Fears about higher interest rates in the U.S and a spike in coronavirus cases in Asia triggered a sell-off in stock markets Thursday. The Shanghai, Tokyo, Hong Kong, and Sydney market benchmarks indicated a big sell-off.
The U.S. stock market fell after several reports released by the government revealed that the country's economy grew at a stronger-than-expected rate in the second quarter. This data reinforced the view that the Federal Reserve will continue raising interest rates to keep inflation under control.

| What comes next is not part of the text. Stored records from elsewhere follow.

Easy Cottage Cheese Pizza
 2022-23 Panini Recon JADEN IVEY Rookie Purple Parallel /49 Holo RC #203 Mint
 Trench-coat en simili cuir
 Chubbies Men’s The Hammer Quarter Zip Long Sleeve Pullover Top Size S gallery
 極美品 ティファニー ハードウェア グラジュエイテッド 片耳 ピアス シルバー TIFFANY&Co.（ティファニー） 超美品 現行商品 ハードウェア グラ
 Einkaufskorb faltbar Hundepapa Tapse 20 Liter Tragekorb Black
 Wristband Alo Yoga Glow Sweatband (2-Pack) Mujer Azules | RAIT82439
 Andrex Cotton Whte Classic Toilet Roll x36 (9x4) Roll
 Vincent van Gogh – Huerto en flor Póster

According to Sam Stovall, a market analyst at CFRA, investors are worried that the Fed will raise rates too quickly and cause inflation to remain elevated. Stovall also noted that the central bank might not be able to put a pause in its rate-hike cycle.
"Investors are worried about the Fed meeting coming up, and because inflation is expected to remain stubbornly elevated the Fed probably won't get away with front-end loading the rate tightening cycle and then pausing in the fall," said Stovall.
The S&P 500 index fell 0.7% to 4,101.23, while the Dow Jones Industrial Average lost 0.5% to 32,813.23. The tech-heavy Nasdaq Composite index also fell 0.7% to 11,994.46. Small-cap stocks also took a hit, with the Russell 2000 index dropping 0.5% to 1,854.82.
The market's daily swings have become a regular occurrence as investors worry that the Fed will raise interest rates too aggressively and put the country's economy into a recession. Even if the central bank can avoid a recession, higher rates will put downward pressure on the stock market and other investments. Aside from the Fed's rate hike, other factors such as the war in Ukraine and China's implementation of anti-COVID-19 regulations have also weighed on markets.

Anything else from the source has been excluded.